Mus'ab b. Umuyr (r.a) Uhud savaşında şehid düşünce, üzerinde tek parça çizgili bir kumaş parçasından başka bir şey yoktu. Kabre defnedilirken başı örtülse ayakları, ayakları örtülse başı açıkta kalıyordu. Bunun üzerine, Hz. Peygamber; kumaşla başının örtülmesini, ayaklarının üzerine de izhir otu atılmasını söylemiştir. Bu Hadis, cenazenin yalnız avret yerlerinin örtülmeşinin farz için yeterli olmadığını, açıkta kalan kısımların gerektiğinde hasır, kilim, parça, ot ve benzeri şeylerle örtmenin gerektiğini gösterir. İmam Şâfiî, zarûret halinde yalnız avret yerlerinin örtülmesini yeterli görür (İbn Âbidîn, a.g.e., II, 204). Kefen ölüye sarılmadan önce güzel koku ile tütsülenir. Önce yaygı tabuta veya hasır, kilim gibi bir şey üzerine yayılır, onun üzerine de izâr yayılır. Sonra ölüye kefen gömleği giydirilerek, izâr'ın üzerine yatırılır. Ölü erkekse, izâr önce soluna, sonra da sağına getirilerek sarılır. Sargı da aynı şekilde onun üstüne sarılır. Açılmasından korkulursa kefen bir kuşakla bağlanabilir. Kadına önce gömleği giydirilir. Saçları iki örgü halinde gömleğin üzerinden, göğsü üzerine konur, onun üzerine baş örtüsü yüzüyle beraber örtülür, üstüne de izâr sarılır, izârın üzerinden de göğüs örtüsü bağlanır, daha sonra da sargı sarılır. Göğüs örtüsü sargıdan sonra da bağlanabilir. Kefenin açılmasından korkulursa düğümlenir.

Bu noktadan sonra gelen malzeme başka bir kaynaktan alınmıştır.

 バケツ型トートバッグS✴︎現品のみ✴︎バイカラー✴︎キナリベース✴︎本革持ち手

Kefen konusunda cinsiyeti belirsiz kişi (hunsây-ı müşkil) kadın gibi işlem görür. Çünkü erkek olma ihtimali karşısında fazlanın bir zararı yoktur. İhramlı, ihramsız gibidir. Yani kefeni kokulanır ve başı örtülür. İmam Şâfiî aksi görüştedir. Bülûğa yaklaşan erkek çocuk (mürâhik) Erkek; kız çocuğu (mürâhika) da kadın hükmündedir. Bulûğ çağına yaklaşmamış küçük erkek çocuğu bir parça, küçük kız çocuğu ise iki parça kefen bezine sarılır. Düşük cenîn, ölünün bir uzvu gibi sayılır, kefenlenmez, bir beze sarılır.
Bulunan bir insanın parçasının eğer başı varsa parçası olan ile birlikte kefenlenir. Ölen bir kâfirin durumu da böyledir. Onun mahrem bir hısımı varsa onu yıkar. Bir beze sararak kefenler. Çünkü, münkirin sünnet üzere kefenlenmesi mekruhtur.

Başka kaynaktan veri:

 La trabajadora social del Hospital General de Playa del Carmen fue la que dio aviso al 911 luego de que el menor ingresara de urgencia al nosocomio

Kabrinden yeni çıkarılmış cenaze, kefeni soyulmuş olarak bulunursa, dağılmamış durumda ise, hiç defnedilmemiş gibi ikinci defa üç parça kefenle kefenlenir. Dağılmışsa bir parça kefene sarılır.
Erkeğin kefeninin cuma ve bayram günlerinde, kadının kefenin ise, ana-babasını ziyaret sırasında giydiği elbiseye kıymetçe uygun bulunmasıdır. Herkesin kefeni kendi malından karşılanır. Kefen masrafı borçtan, vasiyet ve mirastan önce gelir. Malı bulunmayan cenazenin kefeni hayatta iken ona bakmak zorunda olan nafaka yükümlüsüne aittir. Bu da yoksa, techîz ve tekfin masraflarını İslam Devleti karşılar. Kadınların kefenleri zengin olsalar da kocalarına aittir. Çünkü kefen bir bakıma dünyadaki örtünmenin (tesettür) devamıdır (bk. el-Kâsânî, Bedâyîu's-Sanâyi'. Beyrut 1402/1982, I, 306-309; el-Fetâvâ'l Hindiyye, Beyrut 1400/1980, I, 160-162; İbn Abidîn, a.g.e., II, 202-207).